Please repeat, from the entries that follow, the lines from the one containing "Abstract Butterflies Design" through the one containing "Auchan contratará reponedores, cajer@s, pescader@s, charcuter@s" exactly, adding nothing.

=== Given records ===

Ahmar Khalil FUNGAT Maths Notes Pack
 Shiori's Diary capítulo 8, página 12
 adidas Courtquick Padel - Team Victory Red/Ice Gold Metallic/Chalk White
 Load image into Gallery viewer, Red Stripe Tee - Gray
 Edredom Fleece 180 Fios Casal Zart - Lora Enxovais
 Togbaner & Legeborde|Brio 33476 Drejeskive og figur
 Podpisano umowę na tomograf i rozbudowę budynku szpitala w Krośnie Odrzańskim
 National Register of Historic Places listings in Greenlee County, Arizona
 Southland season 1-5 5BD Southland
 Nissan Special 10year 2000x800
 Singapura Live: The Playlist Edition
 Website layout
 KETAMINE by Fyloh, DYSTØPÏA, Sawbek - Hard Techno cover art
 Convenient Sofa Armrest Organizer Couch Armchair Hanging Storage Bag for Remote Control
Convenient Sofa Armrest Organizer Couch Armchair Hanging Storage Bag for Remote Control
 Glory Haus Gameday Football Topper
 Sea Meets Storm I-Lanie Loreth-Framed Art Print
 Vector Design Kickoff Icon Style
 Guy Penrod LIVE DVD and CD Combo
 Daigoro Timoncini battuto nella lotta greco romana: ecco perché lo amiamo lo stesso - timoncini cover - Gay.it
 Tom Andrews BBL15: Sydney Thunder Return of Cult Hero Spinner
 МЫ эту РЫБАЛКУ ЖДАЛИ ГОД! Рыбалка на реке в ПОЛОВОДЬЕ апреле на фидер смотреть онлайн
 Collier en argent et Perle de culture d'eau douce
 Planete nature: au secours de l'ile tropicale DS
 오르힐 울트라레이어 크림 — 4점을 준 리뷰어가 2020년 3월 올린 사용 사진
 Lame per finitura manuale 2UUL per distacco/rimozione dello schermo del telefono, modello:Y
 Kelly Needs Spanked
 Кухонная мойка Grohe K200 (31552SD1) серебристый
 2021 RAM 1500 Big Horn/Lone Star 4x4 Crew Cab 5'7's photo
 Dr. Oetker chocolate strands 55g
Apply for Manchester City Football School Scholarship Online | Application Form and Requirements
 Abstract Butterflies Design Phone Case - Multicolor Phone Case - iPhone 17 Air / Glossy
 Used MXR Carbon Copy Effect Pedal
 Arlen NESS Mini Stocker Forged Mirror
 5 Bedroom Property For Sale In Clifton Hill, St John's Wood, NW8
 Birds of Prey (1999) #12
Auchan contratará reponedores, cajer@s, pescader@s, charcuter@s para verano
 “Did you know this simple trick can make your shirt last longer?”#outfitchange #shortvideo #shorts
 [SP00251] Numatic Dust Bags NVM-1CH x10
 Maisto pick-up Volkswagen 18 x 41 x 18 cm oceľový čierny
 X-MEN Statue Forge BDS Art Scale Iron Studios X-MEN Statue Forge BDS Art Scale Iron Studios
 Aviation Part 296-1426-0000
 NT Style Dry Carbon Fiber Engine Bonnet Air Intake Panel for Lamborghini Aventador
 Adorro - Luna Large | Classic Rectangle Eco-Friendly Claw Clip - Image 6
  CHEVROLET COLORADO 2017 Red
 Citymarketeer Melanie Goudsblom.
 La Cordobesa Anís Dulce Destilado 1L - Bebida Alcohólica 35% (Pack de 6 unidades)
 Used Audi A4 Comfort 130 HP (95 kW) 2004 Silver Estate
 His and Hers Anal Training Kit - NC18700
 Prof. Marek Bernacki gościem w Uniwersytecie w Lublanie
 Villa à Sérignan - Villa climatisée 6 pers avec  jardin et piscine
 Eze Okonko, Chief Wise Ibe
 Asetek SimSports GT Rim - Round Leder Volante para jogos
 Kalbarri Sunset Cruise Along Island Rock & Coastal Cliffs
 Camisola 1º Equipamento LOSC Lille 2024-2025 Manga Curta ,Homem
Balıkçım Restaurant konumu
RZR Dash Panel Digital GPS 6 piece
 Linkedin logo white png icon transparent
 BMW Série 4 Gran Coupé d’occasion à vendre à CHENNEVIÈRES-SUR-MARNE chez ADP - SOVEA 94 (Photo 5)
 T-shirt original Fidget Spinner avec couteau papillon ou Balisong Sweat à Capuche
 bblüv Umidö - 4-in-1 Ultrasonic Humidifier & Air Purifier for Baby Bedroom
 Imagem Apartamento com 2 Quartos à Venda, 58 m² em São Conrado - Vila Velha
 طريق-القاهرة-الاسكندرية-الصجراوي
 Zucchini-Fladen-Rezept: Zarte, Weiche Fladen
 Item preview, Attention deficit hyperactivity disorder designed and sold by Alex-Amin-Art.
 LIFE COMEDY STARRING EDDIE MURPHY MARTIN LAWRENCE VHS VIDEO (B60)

===

Written solution:
 Abstract Butterflies Design Phone Case - Multicolor Phone Case - iPhone 17 Air / Glossy
 Used MXR Carbon Copy Effect Pedal
 Arlen NESS Mini Stocker Forged Mirror
 5 Bedroom Property For Sale In Clifton Hill, St John's Wood, NW8
 Birds of Prey (1999) #12
Auchan contratará reponedores, cajer@s, pescader@s, charcuter@s para verano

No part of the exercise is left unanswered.